GOAL OF THE EXERCISE: With the pictures omitted, set down exactly the lines from the one that contains "SALE 30%OFF】[bROOTS23F36] blurhms" through the last line of the data.

DATA EXTRACT:
# # #

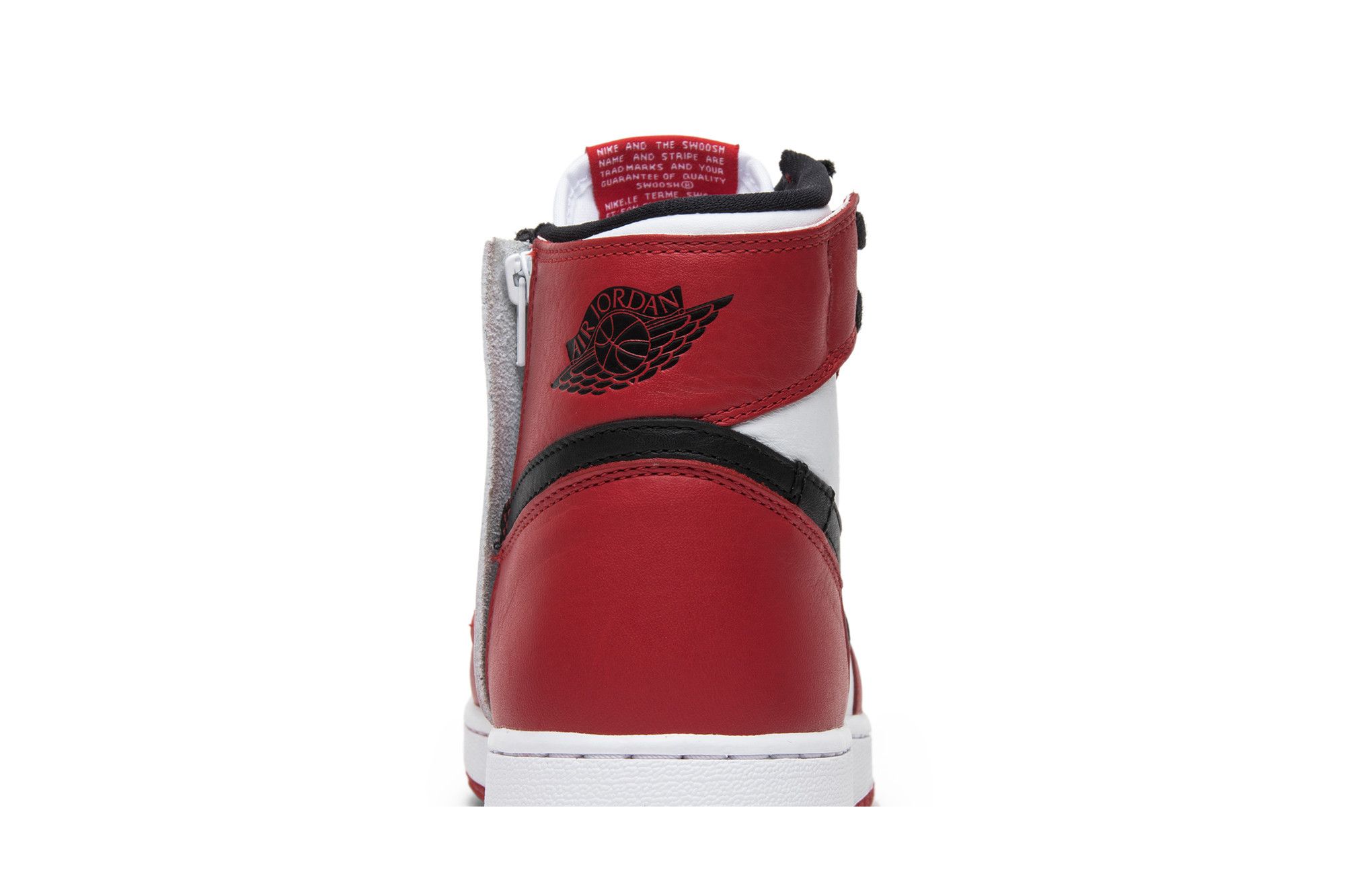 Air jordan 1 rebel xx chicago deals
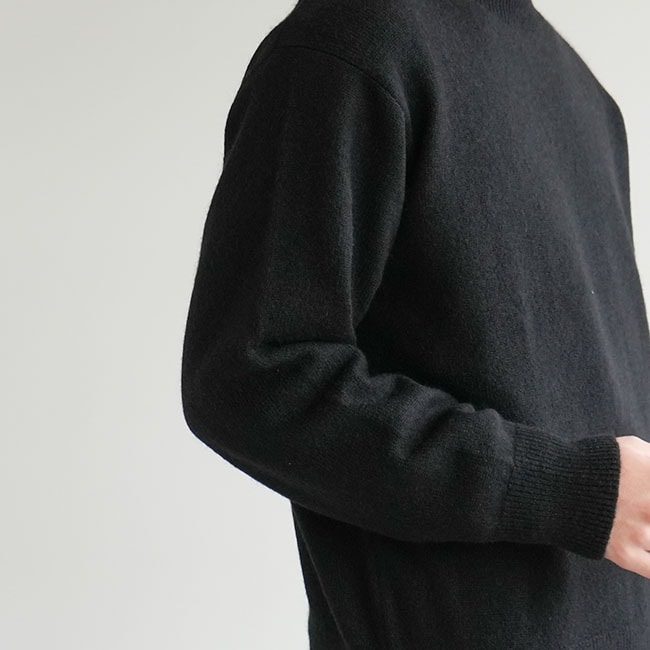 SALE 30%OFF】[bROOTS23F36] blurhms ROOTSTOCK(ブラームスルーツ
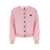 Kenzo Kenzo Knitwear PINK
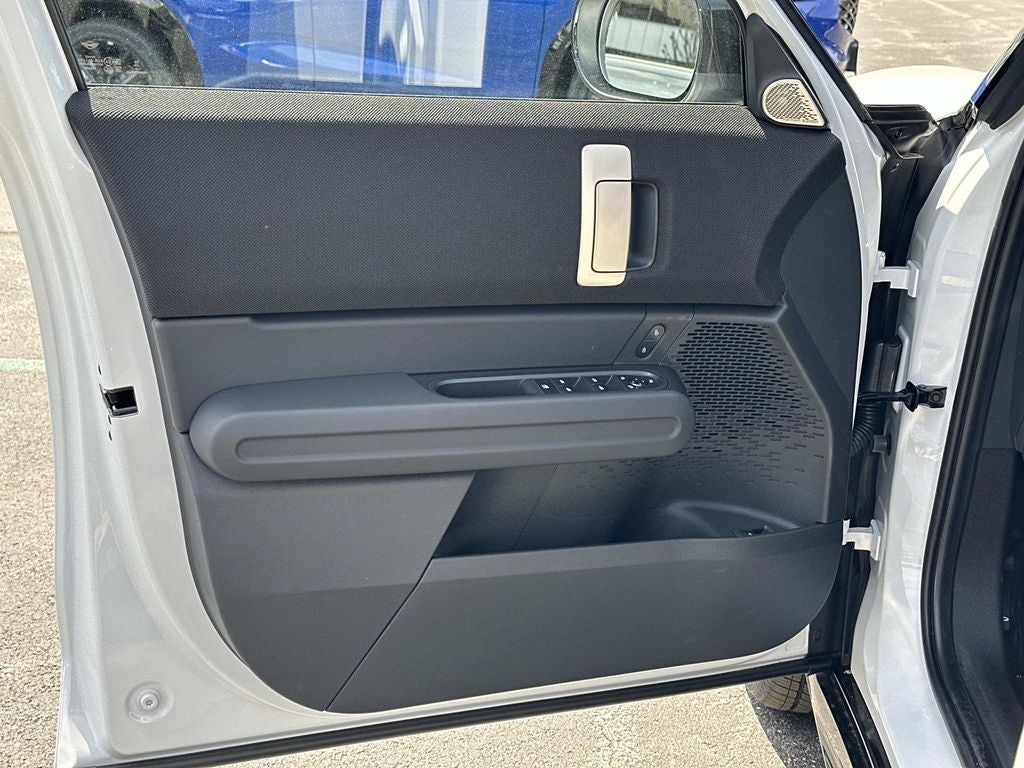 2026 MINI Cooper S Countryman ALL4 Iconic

# # #

WRITTEN SOLUTION:
 SALE 30%OFF】[bROOTS23F36] blurhms ROOTSTOCK(ブラームスルーツ
 Kenzo Kenzo Knitwear PINK
 2026 MINI Cooper S Countryman ALL4 Iconic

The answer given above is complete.